Boston native Dennis Lehane avoids genre clichés in his selections for the anthology Boston Noir.
You say that noir is often a working-class tragedy. What do you mean?
Noir is a tragedy about people who are squeezed by circumstance. I'm not a big believer in genre labels, but I do believe there's a clear delineation between noir and crime fiction or mystery. For this anthology, I wanted authors who are writing noir who don't think it's about a fedora or some ham-fisted tough guy. Those are just the trappings.
What did you want to accomplish in editing this book?
I'm a passionate lover of good short fiction, but I know why people have turned away from short fiction—because of the kind that's read mainly by academics. That kind is not in this volume. These are self-contained “baby” novels, full stories, not lopped off before the end.
And short stories and noir make a good combination?
I thought the perspectives in the collection were really interesting—the anti-Boston perspective in Jim Fusilli's story [about a transplanted New Yorker] and the old Boston in Russ Aborn's story [about a truck hijacking gone wrong]. And Patricia Powell's story about a black woman who shelters a white jail escapee really kicked ass.
Why no city hall corruption story like what Edwin O'Connor depicted in The Last Hurrah?
I thought it would appear, but nobody touched it. I wonder if that kind of Boston writer has gone the way of the dodo.
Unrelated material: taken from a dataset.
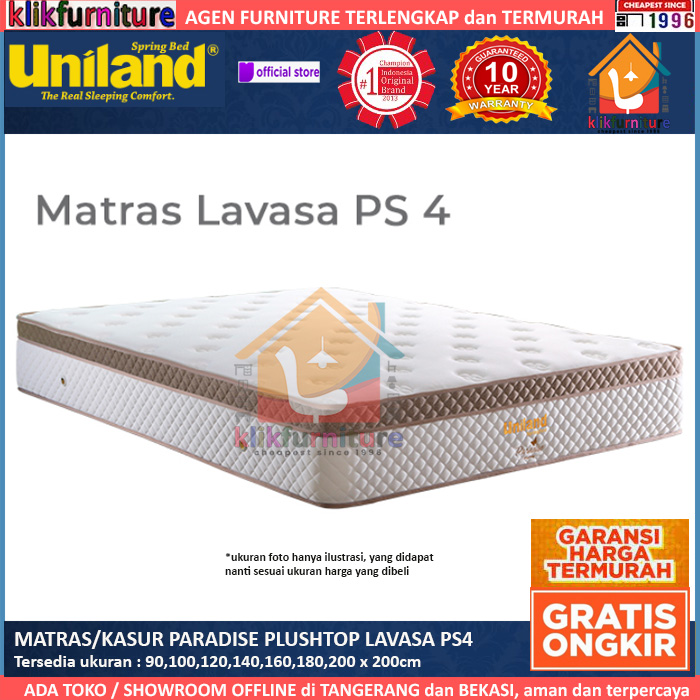 Kasur / Matras Paradise Plushtop LAVASA PS4 Uniland Springbed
I flirt around the edges of that, but don't really go there. Maybe there's a less boisterous political scene to write about now.
What Boston novel has influenced you most?
The Friends of Eddie Coyle by George V. Higgins. It's the game changer because of the authenticity of the dialogue and the sense that this was how the criminal underworld really worked, stripped of all romantic or heroic clichés. Without it, by his own admission, there's no Elmore Leonard. On a personal level, Elmore Leonard and Donald Westlake writing as Richard Stark are two of the biggest influences on my work. So, without The Friends of Eddie Coyle, I don't get my major influences.
Did you learn anything new about Boston by doing this?
I learned that the clichés about Boston aren't true, even the new ones. It's become a diverse and different city. When we mourn losing a certain clan identity, we have to remember that the same broom that swept away the old city allows black people to be walking down Broadway in [once hostile] South Boston.